User:Crispy1989
From Wikipedia, the free encyclopedia
|
Crispy
|
Hi, I'm Crispy. I haven't done much with Wikipedia (I'm more of a programmer and a sysadmin), but I'm working on creating a new core engine for ClueBot's vandalism detection, and using this page to document some of the work.
Contents |
[edit] New Cluebot Vandalism Detection Engine
[edit] General Structure
Cobi and I are working together to create the architecture of the new engine. All of the Wikipedia interface code will remain the same, using Cobi's wikibot.classes PHP code. The core vandalism detection engine, however, will be required to perform heavy computation, and as such, is unsuitable for a scripting language to perform in a reasonable amount of time.
[edit] Core Engine
The engine's core will be made up of a feed-forward artificial neural network with back-propagation. It will have the ability to learn what vandalism is, given numerous examples. Currently, the examples are being provided by Cluebot's existing vandalism detection heuristics, with a higher-than-normal threshold value. The code being used for the neural network is a modified version of annutils.

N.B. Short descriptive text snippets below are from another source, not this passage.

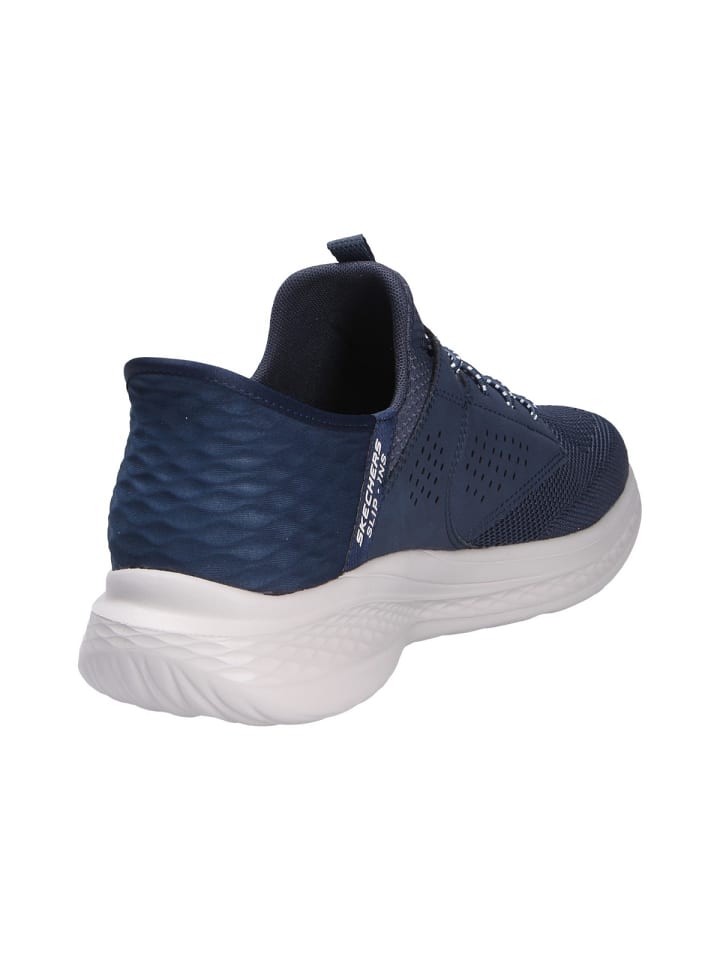 Skechers Низкие кроссовки SLADE CASTER синего цвета — фото 4
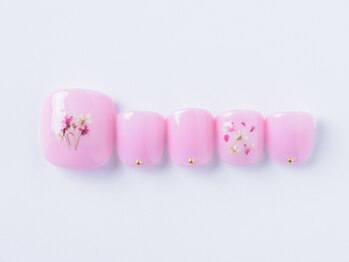 シャックジュール ボゥ(ChaqueJour Beau)/押し花ネイル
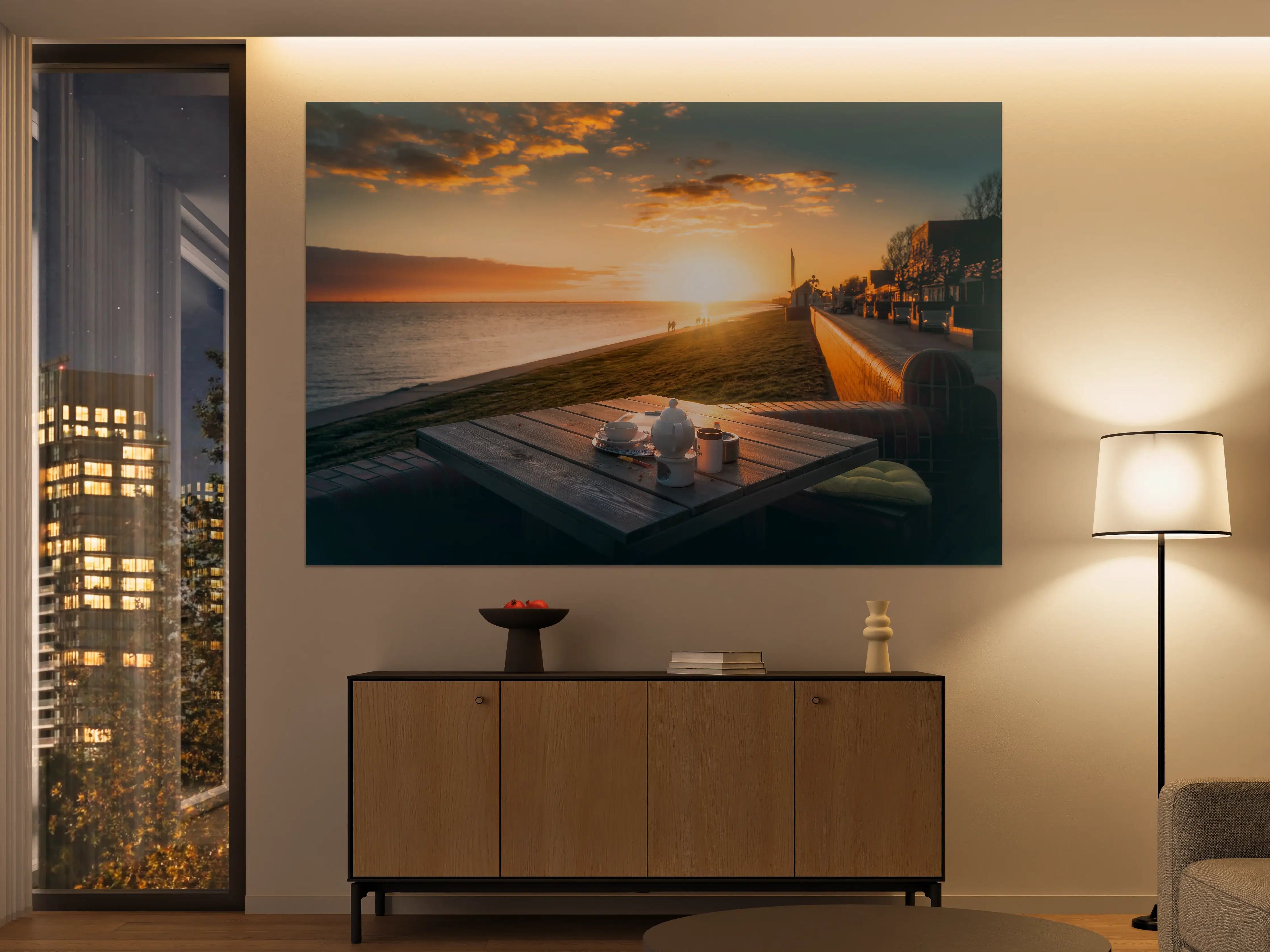 Große Wandbilder - Cafe am sonnigen Südstrand - Wilhelmshaven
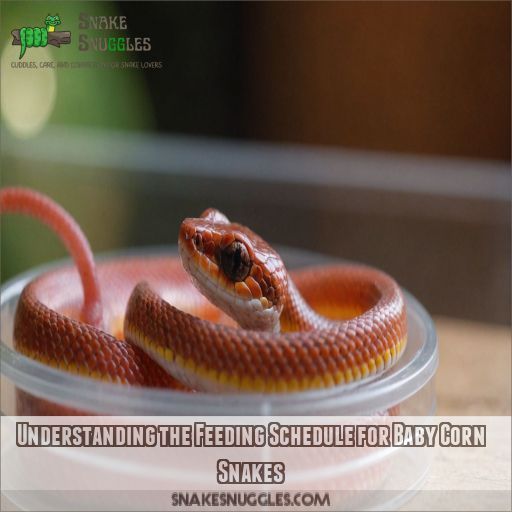 Understanding the Feeding Schedule for Baby Corn Snakes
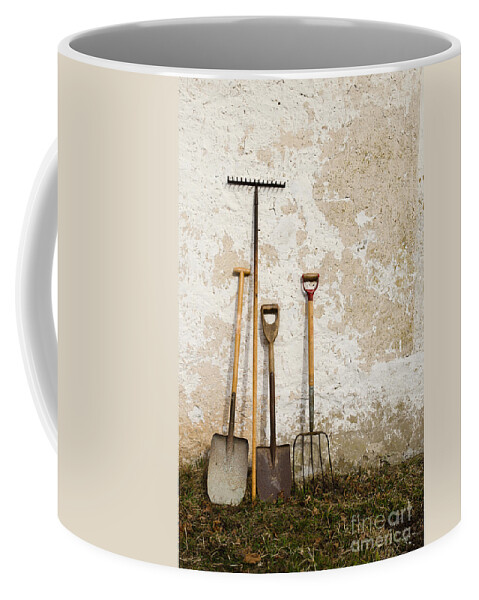 Tool Coffee Mug featuring the photograph Garden tools by Kennerth and Birgitta Kullman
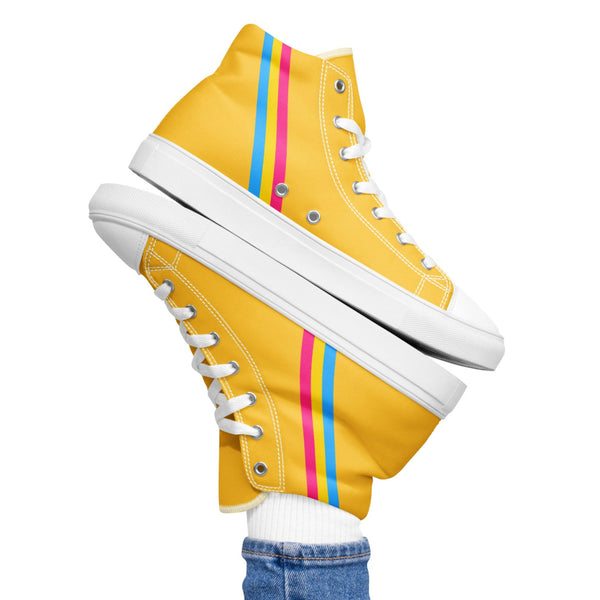 Classic Pansexual Pride Colors Yellow High Top Shoes - Women Sizes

[edit] Neural Network Inputs
The raw text cannot be fed directly into the neural network, so a preprocessor performs many operations on the edit to convert it into scaled floating point values before the ANN can process it.
[edit] Training Set
The entire principle of this type of supervised-learning neural network is that datapairs are needed consisting of an edit and whether or not that edit is vandalism. A large number of such pairs is needed to properly train the neural network. The current dataset that I am testing the neural network with consists of Cluebot's current outputs. However, this scheme has a number of problems, primarily that the current Cluebot misses a substantial amount of vandalism, and also classifies a fair number of false positives. These errors cause inaccuracies in the dataset which can cause significant problems in the operation of the neural network. Cluebot's current false positive count is significantly less than the amount of vandalism that it misses (by design), but because a neural network needs to be trained with both vandalism and not vandalism, both types of errors cause significant amounts of dataset pollution.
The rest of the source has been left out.